Canadian Overhead Handling has installed the first of two 136t gantry cranes at Hydro-Québec’s Beauharnois power house, on the St Lawrence River, southwest of Montréal.

The second gantry is under construction at COH’s facility in Québec and is expected to be commissioned by October 2003.

The Beauharnois power house dates back to 1932. The gantry cranes are supplied as part of the final stages of a major rehabilitation programme that began in the early 1990s.

The cranes will be used to service the stop logs and 74 water intake gates on the 1km-long dam, handle the hydraulic trash grab and clamshell mud bucket and hoist the departure transformers from the ground level to the dam deck 28m up.

COH supplied the gantries to Hydro-Québec, the Québec government owned hydro-power company, as part of a C$7m (US$4.5m) turnkey project. Technical specifications of the project were written by consulting engineer SNC-Lavalin.

The gantry hoist house, sitting 18m above the dam deck, shelters a twin hook 136t main hoisting machinery and two separate, open winch type, 3t secondary hoists. The hoist house is serviced by a low headroom 3.2t Stahl SH hoist.

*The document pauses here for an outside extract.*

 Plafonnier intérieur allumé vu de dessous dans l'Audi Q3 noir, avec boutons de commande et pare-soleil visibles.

Below the hoist house, straddling the main hooks, a 25t auxiliary trolley rolls on a separate set of girders. This design allows the hook to cantilever 14m past the upstream gantry travelling rail.

Except for the Stahl house maintenance unit, all hoists are designed and fabricated by COH, a subsidiary of the French company Reel. All the gearboxes for the open winch hoists and trolley and gantry travel drives are of COH own design and fabrication.

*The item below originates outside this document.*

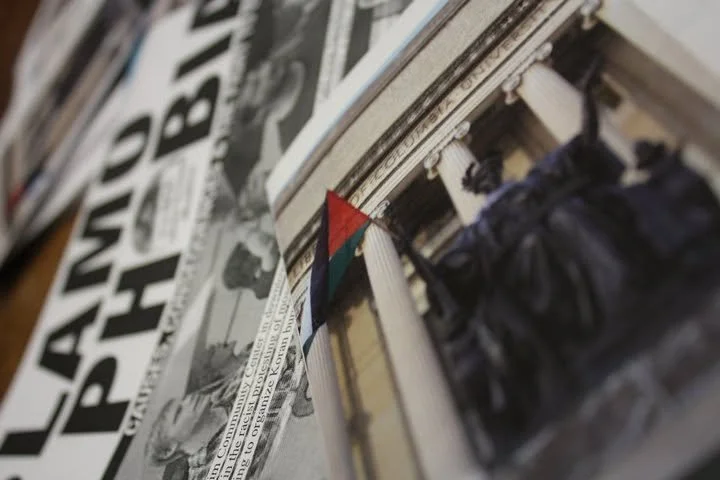 Close-up of a newspaper headline, a small flag on a building, and part of a classical building facade with columns.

All the machinery is run with Marathon motors controlled by ABB ACC601 hoist and ACS601 horizontal translation AC variable frequency drives. The main and auxiliary hoist motors can operate at up to 150% torque capacity for short periods to pull out a stalled gate in the dam.

A Modicon PLC system, designed and programmed by COH software engineers, controls an array of functions and interlocks.

The PLC is coupled to input/output modules by a fibre optic network, reducing the amount of wiring between the modules and main panel, and between the back plates in the main panel itself.